Re: [BuildStream] Execution environments



Hi Jürg,

On Thu, Nov 1, 2018 at 8:28 PM Jürg Billeter <j bitron ch> wrote:
Hi everyone,

With remote execution it will be easily possible to execute build
commands in environments that differ from the host. E.g. the remote
worker may run on a different ISA or on a different operating system.
Strictly speaking this is not specific to remote execution, e.g. QEMU
allows running ARM binaries on x86 systems, however, with remote
execution we expect this to be much more common.

Projects need to be able to explicitly request an execution
environment. For local builds BuildStream will check whether the local
environment is a match and report a friendly error otherwise. With
remote execution this will make sure that a suitable worker is
assigned, and otherwise also report an error.

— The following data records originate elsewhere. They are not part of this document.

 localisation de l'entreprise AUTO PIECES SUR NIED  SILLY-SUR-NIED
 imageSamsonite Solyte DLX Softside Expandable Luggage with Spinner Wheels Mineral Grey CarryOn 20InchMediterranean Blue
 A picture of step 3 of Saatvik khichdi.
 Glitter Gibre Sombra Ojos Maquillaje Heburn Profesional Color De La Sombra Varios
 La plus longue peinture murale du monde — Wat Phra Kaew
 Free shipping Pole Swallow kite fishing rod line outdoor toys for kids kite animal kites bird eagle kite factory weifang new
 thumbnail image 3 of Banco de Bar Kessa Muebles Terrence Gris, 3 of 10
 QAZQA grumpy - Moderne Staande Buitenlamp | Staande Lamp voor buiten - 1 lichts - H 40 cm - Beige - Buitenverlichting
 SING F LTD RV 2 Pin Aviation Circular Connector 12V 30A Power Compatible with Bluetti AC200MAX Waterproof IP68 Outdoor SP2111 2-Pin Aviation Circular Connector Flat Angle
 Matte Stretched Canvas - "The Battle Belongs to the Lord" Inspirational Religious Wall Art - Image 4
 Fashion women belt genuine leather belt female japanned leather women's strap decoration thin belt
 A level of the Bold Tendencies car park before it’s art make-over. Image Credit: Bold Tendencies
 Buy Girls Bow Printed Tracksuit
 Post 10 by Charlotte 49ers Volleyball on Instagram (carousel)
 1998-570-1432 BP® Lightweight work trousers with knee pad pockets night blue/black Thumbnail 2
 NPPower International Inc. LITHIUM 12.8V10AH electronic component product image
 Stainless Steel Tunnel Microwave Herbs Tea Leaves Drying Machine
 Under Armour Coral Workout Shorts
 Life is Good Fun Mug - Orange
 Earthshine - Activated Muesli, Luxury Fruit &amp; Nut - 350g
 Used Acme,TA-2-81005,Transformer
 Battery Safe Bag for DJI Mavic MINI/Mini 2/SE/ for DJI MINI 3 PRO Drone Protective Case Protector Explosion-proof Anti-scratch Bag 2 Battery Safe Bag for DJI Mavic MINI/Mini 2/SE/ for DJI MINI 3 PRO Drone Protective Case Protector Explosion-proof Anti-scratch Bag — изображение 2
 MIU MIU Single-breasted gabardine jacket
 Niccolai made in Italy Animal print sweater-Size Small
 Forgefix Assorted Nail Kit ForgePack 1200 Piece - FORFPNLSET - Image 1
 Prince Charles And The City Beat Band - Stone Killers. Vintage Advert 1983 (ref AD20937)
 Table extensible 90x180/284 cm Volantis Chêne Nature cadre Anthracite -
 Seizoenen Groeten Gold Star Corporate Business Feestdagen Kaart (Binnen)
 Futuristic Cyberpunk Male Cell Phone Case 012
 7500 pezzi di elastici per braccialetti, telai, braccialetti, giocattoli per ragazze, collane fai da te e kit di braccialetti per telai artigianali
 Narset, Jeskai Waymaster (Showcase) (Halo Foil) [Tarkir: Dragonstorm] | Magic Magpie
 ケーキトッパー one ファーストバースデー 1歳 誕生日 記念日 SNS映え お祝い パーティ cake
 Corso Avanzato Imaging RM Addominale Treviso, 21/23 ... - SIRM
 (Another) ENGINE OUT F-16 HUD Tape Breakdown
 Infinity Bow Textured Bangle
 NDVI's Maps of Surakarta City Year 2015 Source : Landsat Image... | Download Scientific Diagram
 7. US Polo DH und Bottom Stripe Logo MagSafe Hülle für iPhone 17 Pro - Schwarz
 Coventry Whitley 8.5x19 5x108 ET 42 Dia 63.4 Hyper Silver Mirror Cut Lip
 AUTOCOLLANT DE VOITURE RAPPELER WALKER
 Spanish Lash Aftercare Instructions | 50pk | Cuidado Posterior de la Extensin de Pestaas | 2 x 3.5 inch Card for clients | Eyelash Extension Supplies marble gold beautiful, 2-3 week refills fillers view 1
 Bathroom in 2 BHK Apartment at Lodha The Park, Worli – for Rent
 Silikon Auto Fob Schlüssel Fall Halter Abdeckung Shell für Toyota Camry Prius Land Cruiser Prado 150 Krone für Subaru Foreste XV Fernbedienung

While the Bazel Remote Execution API has a mechanism for platform
properties, the details are not standardized yet. As we can't wait for
this to happen, I'm proposing minimal support for requesting the
execution environment, in a way that we can support and later extend.
Future extensions can hopefully be aligned with the upstream Remote
Execution API.

+1.  I noticed there are related topics on the bazel-dev list as well:
https://groups.google.com/forum/?utm_medium=email&utm_source=footer#!msg/bazel-dev/wKacIE4MIRM/nukf2F7hBQAJ
 
The proposal is to extend the `sandbox` configuration for this purpose
with two keys: os and arch

    os
    ~~
    This is a string indicating the OS family / kernel. I think it's
    sensible to use the output of `uname -s` for this on POSIX systems.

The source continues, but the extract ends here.